■ RECORD EXCERPTS ■
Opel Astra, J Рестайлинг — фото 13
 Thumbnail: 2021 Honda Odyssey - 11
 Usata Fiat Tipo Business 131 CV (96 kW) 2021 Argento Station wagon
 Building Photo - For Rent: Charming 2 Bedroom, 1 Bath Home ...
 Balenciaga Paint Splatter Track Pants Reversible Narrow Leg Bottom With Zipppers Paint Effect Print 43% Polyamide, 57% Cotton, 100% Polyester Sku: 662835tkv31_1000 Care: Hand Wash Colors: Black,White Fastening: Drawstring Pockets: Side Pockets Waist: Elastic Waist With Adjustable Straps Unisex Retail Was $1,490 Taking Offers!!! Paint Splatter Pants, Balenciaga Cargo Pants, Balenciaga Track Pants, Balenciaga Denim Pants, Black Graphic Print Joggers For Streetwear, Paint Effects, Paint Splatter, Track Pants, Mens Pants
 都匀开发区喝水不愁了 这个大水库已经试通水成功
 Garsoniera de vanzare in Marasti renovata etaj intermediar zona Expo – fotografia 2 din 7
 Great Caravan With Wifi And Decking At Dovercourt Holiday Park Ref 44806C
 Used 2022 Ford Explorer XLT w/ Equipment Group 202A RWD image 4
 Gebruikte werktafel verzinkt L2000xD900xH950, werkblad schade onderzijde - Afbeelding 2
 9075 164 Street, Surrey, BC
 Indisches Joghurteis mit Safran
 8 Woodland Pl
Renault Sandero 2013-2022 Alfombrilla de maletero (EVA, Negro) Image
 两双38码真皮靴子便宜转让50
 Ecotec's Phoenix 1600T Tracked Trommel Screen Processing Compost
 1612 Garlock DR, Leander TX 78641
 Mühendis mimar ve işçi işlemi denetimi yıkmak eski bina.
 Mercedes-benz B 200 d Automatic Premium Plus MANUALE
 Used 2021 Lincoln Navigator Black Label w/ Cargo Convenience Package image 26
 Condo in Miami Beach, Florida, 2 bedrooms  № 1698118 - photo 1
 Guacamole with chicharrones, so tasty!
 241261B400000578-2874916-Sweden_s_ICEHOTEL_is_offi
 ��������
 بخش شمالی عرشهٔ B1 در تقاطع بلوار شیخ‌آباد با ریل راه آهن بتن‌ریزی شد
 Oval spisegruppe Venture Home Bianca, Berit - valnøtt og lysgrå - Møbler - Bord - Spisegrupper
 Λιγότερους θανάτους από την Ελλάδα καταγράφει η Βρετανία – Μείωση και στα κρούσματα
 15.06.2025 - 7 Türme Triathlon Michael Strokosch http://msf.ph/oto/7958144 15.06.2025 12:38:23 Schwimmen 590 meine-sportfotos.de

■ REQUIRED WORK ■
Every line from the one containing "Oval spisegruppe Venture" to the final line of the listing above should be set down exactly, with nothing added.

■ EXERCISE RESPONSE ■
 Oval spisegruppe Venture Home Bianca, Berit - valnøtt og lysgrå - Møbler - Bord - Spisegrupper
 Λιγότερους θανάτους από την Ελλάδα καταγράφει η Βρετανία – Μείωση και στα κρούσματα
 15.06.2025 - 7 Türme Triathlon Michael Strokosch http://msf.ph/oto/7958144 15.06.2025 12:38:23 Schwimmen 590 meine-sportfotos.de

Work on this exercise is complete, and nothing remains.